[Opening EXERCISE INPUT section]
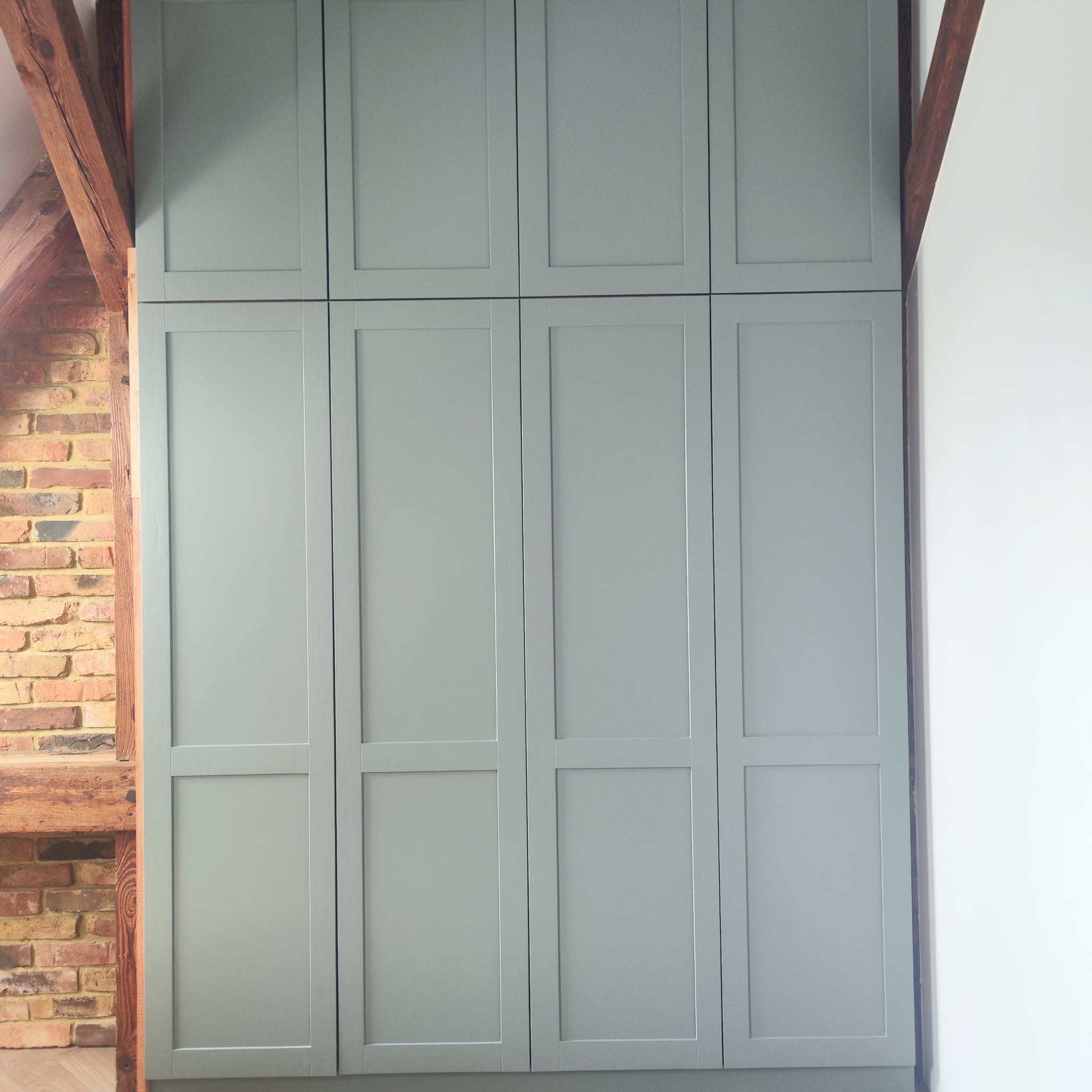 Szara zabudowa szafy wnękowej z drewnianą konstrukcją stropu i ceglaną ścianą w tle. Widok na fronty szafy w szaro-zielonym odcieniu.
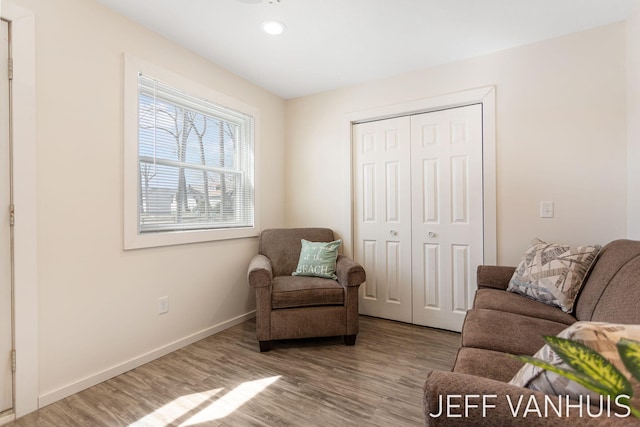 living area with recessed lighting, baseboards, and wood finished floors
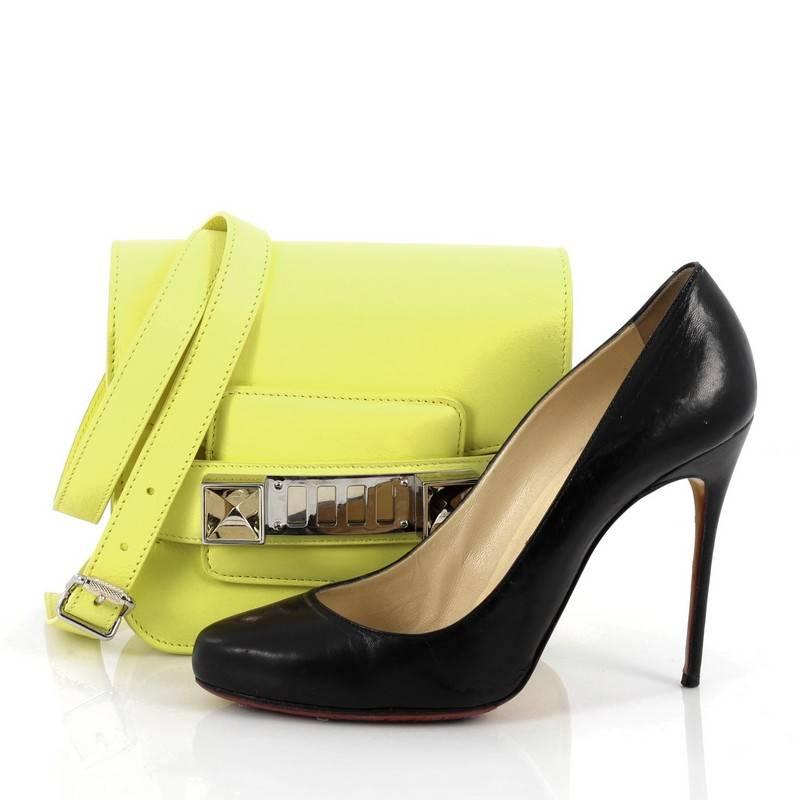 This authentic Proenza Schouler PS11 Crossbody Bag Leather Tiny is a staple among fashionistas. Constructed in neon yellow leather, this petite bag features detachable and adjustable shoulder strap, faceted cubes, fastening grill closure and silver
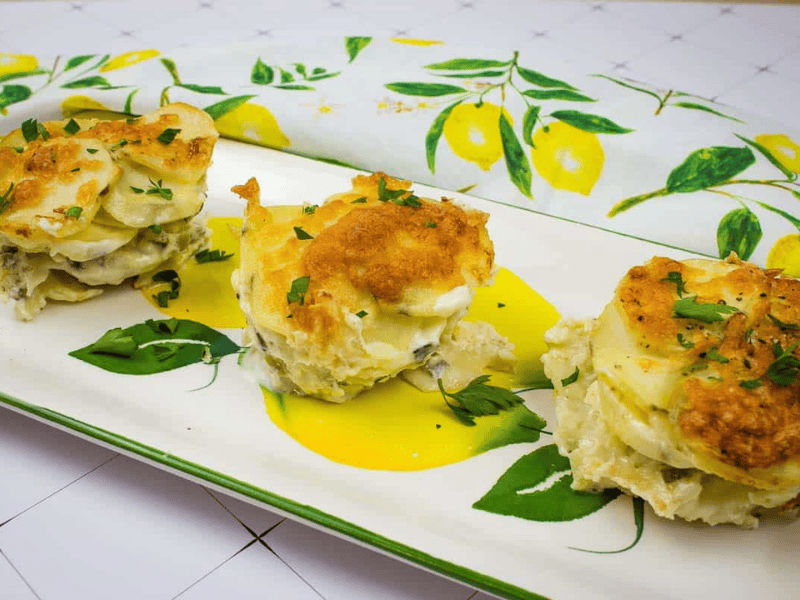 Au Gratin Potato Stacks on a white plate.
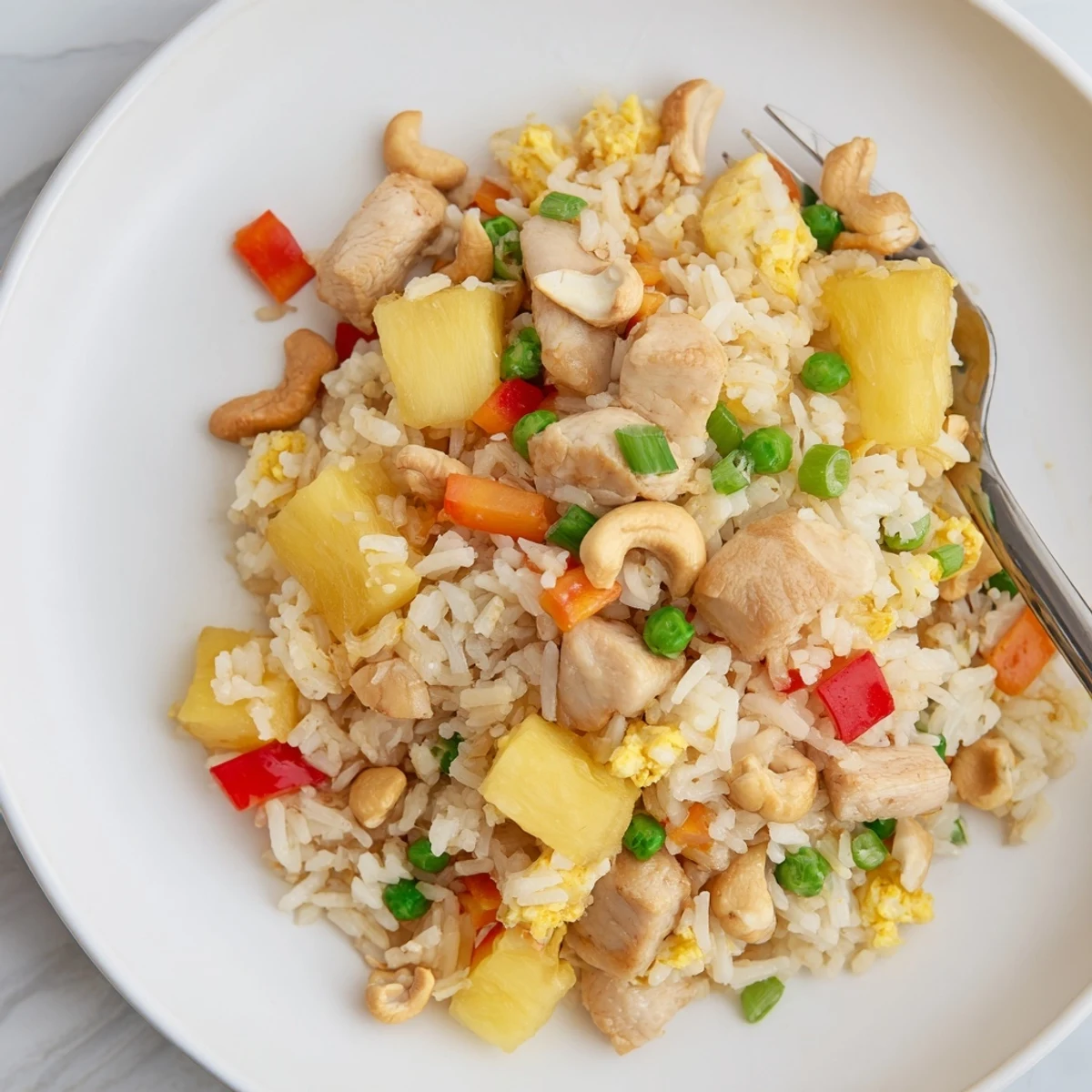 Wok-seared Pineapple Chicken Fried Rice with Cashews is plated in a bowl with peas and carrots for color.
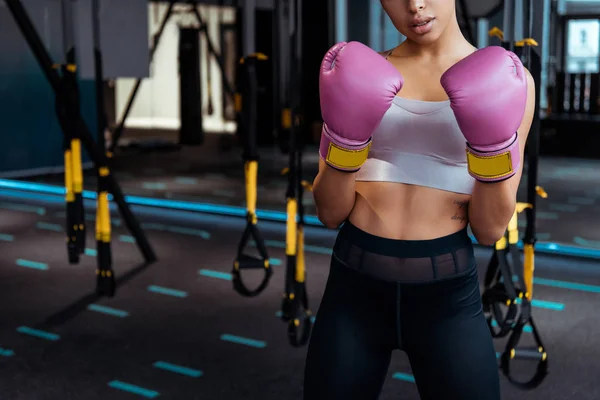 Partial view of  female boxer in pink boxing  gloves practicing boxing in gym — Stock Photo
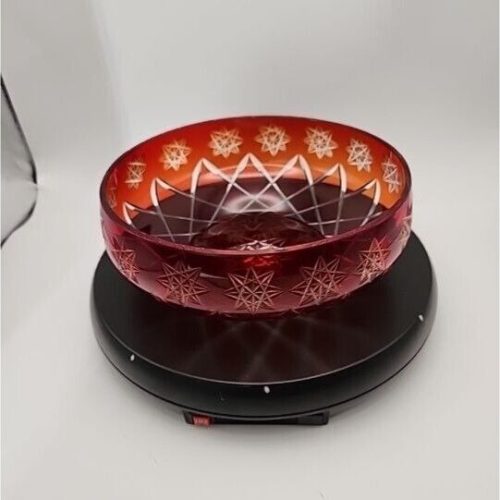 Ruby red cut-to-clear serving bowl with 8-point star patterns.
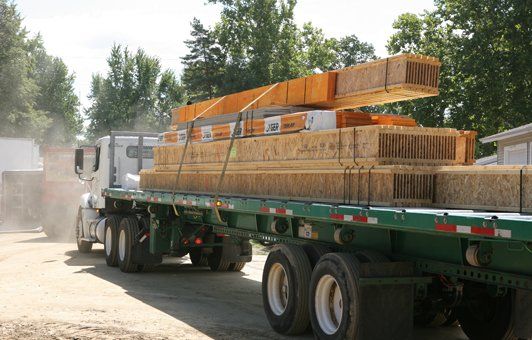 A green semi truck is carrying a load of wooden beams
[Closing EXERCISE INPUT section]
- [EXERCISE GOAL]: Could you reproduce the records above exactly, leaving out every picture?

- [EXERCISE ANSWER]:
 Szara zabudowa szafy wnękowej z drewnianą konstrukcją stropu i ceglaną ścianą w tle. Widok na fronty szafy w szaro-zielonym odcieniu.
 living area with recessed lighting, baseboards, and wood finished floors
 This authentic Proenza Schouler PS11 Crossbody Bag Leather Tiny is a staple among fashionistas. Constructed in neon yellow leather, this petite bag features detachable and adjustable shoulder strap, faceted cubes, fastening grill closure and silver
 Au Gratin Potato Stacks on a white plate.
 Wok-seared Pineapple Chicken Fried Rice with Cashews is plated in a bowl with peas and carrots for color.
 Partial view of  female boxer in pink boxing  gloves practicing boxing in gym — Stock Photo
 Ruby red cut-to-clear serving bowl with 8-point star patterns.
 A green semi truck is carrying a load of wooden beams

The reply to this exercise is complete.